With the first production-ready prototypes featured in Brasília during the Independence Day Military Parade in september 7th, 1987, and the deliveries starting in the following year, the Gurgel BR-800 was not so much of a commercial success but had some technical features that rendered it effective as a viable replacement for the Beetle. Despite having a front-mounted engine while retaining the rear-wheel drive, which called for a presumably less-efficient transmission setup due to the presence of a driveshaft, the 50-50 unloaded weight bias meant any compromise to the the cross-country capability would be minimal. Relying on the same 4-speed manual transmission and rear axle found in the 1.4L versions of the Chevette, the Gurgel-designed 0.8L water-cooled OHV flat-twin was meant to reach the then-impressive 25km/l (around 62MPG) fuel consumption.
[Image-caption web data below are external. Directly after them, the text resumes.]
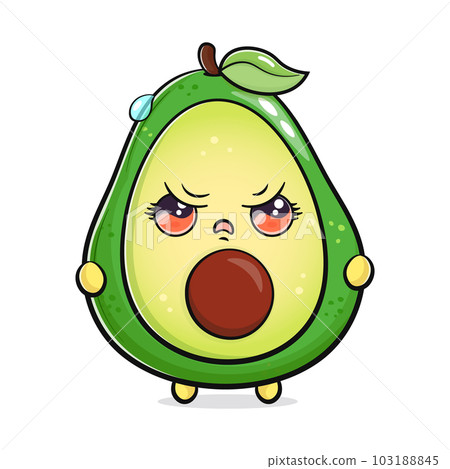 Cute angry Avocado character. Vector hand drawn cartoon kawaii character illustration icon. Isolated on white background. Sad Avocado character concept 103188845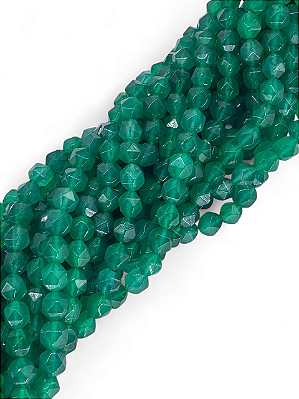 Jade Tingida Verde Esfera Facetada 9mm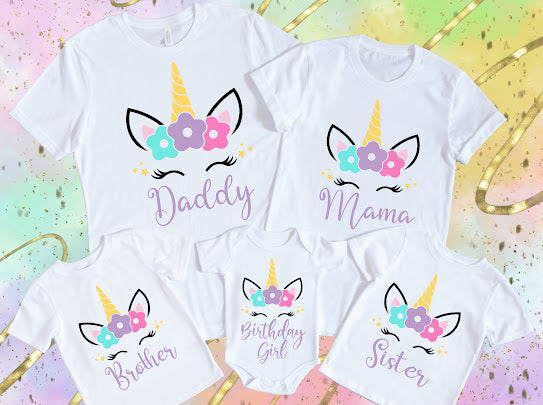 Unicorn, Birthday Family Tshirts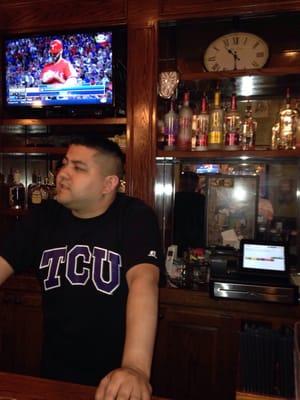 Great bartender at Mad Hatter, Brandon Martinez. He keeps them coming back over and over.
Overall performance was not really something to brag about, but neither were some comparable European-designed cars that were never brought to Brazil by the local branches of foreign automakers such as Fiat. Featurng a space-frame chassis with a fiberglass-reinforced plastic body, its manufacturing was somewhat labor-intensive and time-consuming in a comparison to the pressed-steel unibody layout which was already widespread among major automakers.

Marketing was not so great, with the sales between 1988 and 1990 being tied to stockholding of the company and therefore it became a less attractive option for those buyers who were just looking for a no-frills car and nothing else. The situation became worse for Gurgel in 1990 when Fiat applied for a fiscal incentive for cars up to 1.0L instead of 0.8L and the Fiat Uno Mille could be offered at a more competitive price due to the greater production scale inherent to its design. As a former director of the local branch of Mercedes-Benz once said, Brazilian people consider the size of a car as one of the most relevant matters comparing different models close in price, so the 3.195-metre long and 1.47-metre wide BR-800 was in a clear disadvantage against the Fiat Uno, being phased out in 1991 with a technically-similar model named Supermini replacing it from 1992 to 1994 when Gurgel went out of business. However, nowadays with a new generation of small city-cars flourishing even in Brazil, it's worth to remind the Gurgel BR-800 and the attempt to effectively replace the Volkswagen Beetle.